22. The later discussion in Re Pittortou concerned the question as to what the result should be in relation to sums drawn by the husband from the bank and spent on household expenses and sums drawn and spent on the husband's business or on other matters for the benefit of the husband. It was held that the wife was entitled to an equity of exoneration in relation to sums spent on the husband's business and the other matters but not in relation to sums spent in relation to household expenses.
23. As Re Pittortou makes clear, the joint owner who is effectively in the position of a surety for the other joint owner is not only entitled to be indemnified by the other joint owner in relation to the relevant debt but the right to an indemnity carries with it a proprietary right over the indemnifying party's share in the property. Thus, the party with the benefit of an equity of exoneration has not only a personal claim but is also a secured creditor in relation to that claim. This is significant as regards that person's other creditors. It is pointed out in footnote 6 to Halsbury's Laws, 5th ed., vol. 49, para. 1152 that there were dicta in some of the early cases on this subject suggesting that the right of exoneration should be postponed to the rights of other creditors but there is no support for this approach in later cases.
36. Re Chawda is a complicated decision on its facts and I do not think that much would be gained from analysing them in any great detail. Registrar Baister deals with the law in paragraphs 39 – 41 of his judgment which sets out a somewhat longer passage from Scott J's judgment than that cited by Morgan J in Day. In paragraph 42 he set out the submissions of Counsel for the Trustee which were said to be derived from Re Pittortou:
(a) the wife must have joined in a charge over jointly owned property;
(b) she must have done so for the purposes of the husband;
(c) the money must have been borrowed and applied for the benefit of the husband alone.
The transactions which I have outlined above have to been seen in the context of the Chawdas functioning as a family unit as many, perhaps even most, modern families do. (I note here the relevance of changing social conditions mentioned by Walton J in the passage from Hall vHall [1911] 1 Ch 487 cited by Scott J in Re Pittortou.) Mrs Chawda herself confirmed in general terms that she and her husband operated as a single unit.
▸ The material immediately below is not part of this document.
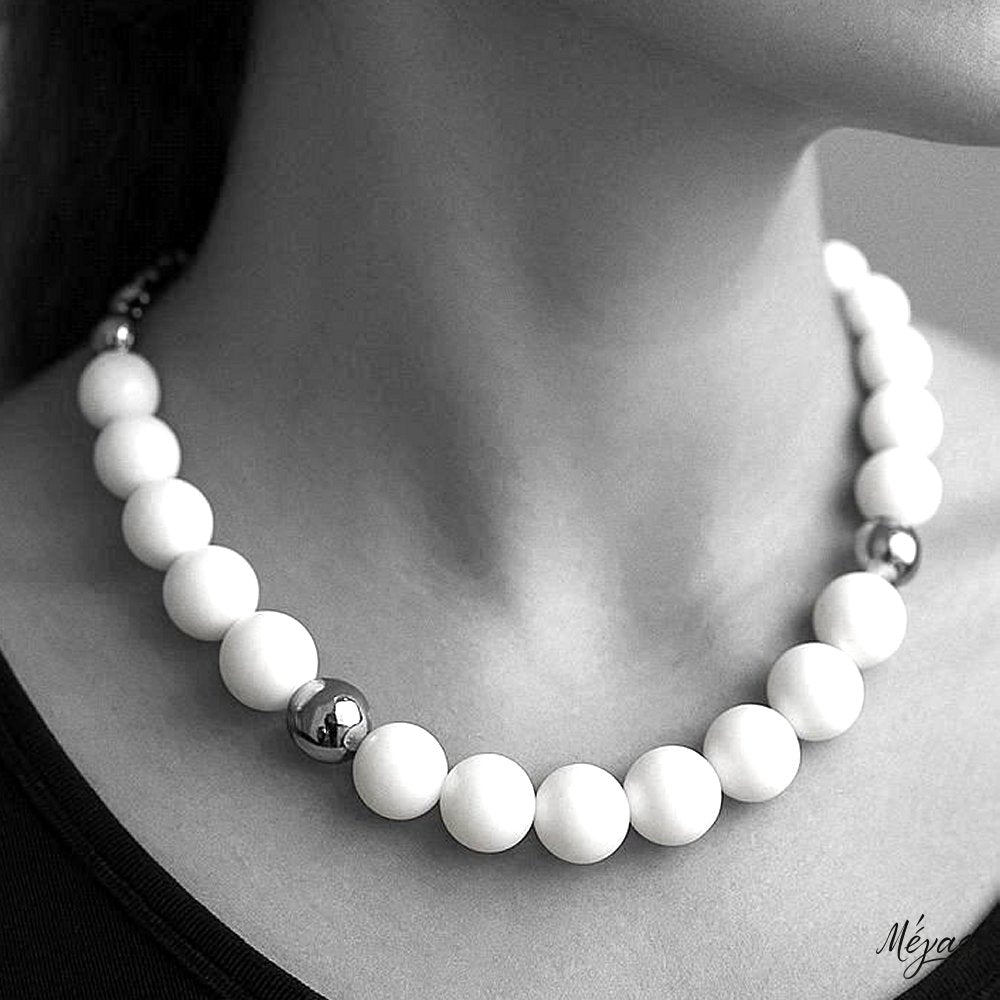 Κολιέ ημιπολύτιμων λίθων φυσικού Λευκού Ίασπη και Αιματίτη / Κωδικός Προϊόντος: Ζ110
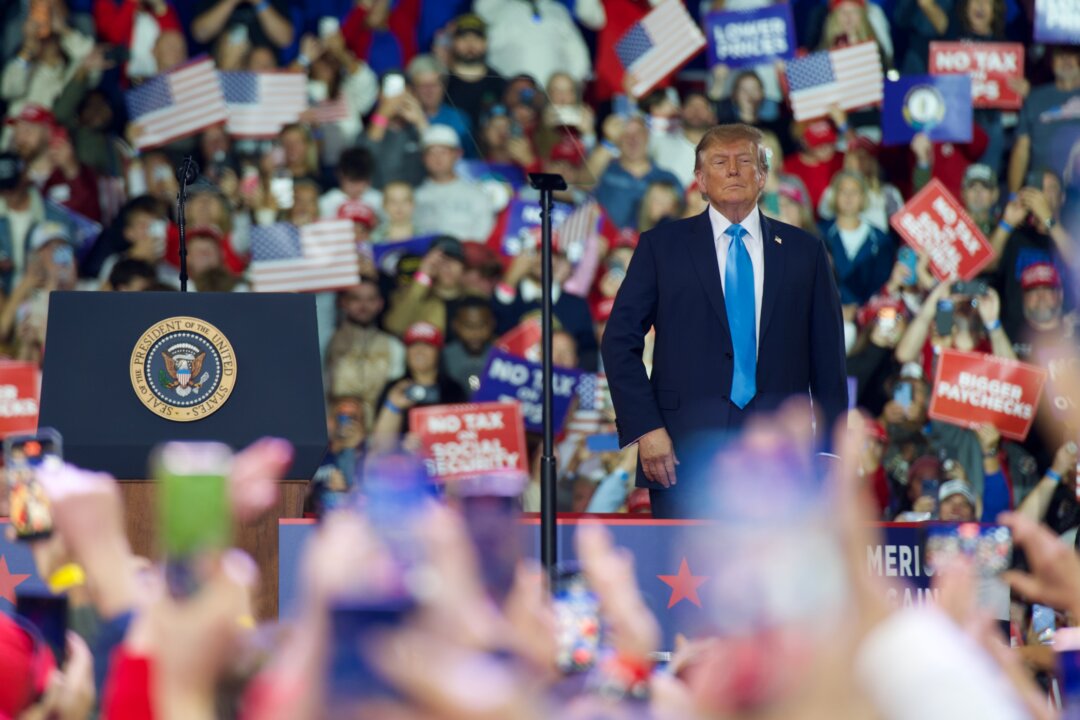 Trump Tempts Kentucky Voters With Conditional $100 Million Pharmaceutical Investment Plan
It seems to me that in circumstances in which a husband and wife operate as the Chawdas have, pooling their earnings and profits, administering their financial affairs jointly and enjoying together a prosperous life, if not an extravagant one such as that of the Pagets, it is as unattractive as it is artificial for one of them to take the benefits while at the same time seeking to enforce an individual right in one respect only to the disadvantage of the other spouse (or in this case his creditors).
Discussion
A person who mortgages his property to secure the debt of another stands in the relation of guarantor towards the person whose debt is thus secured, and is entitled to be exonerated by the principal debtor. This principle also applies where jointly owned property is charged to secure the indebtedness of one co-owner.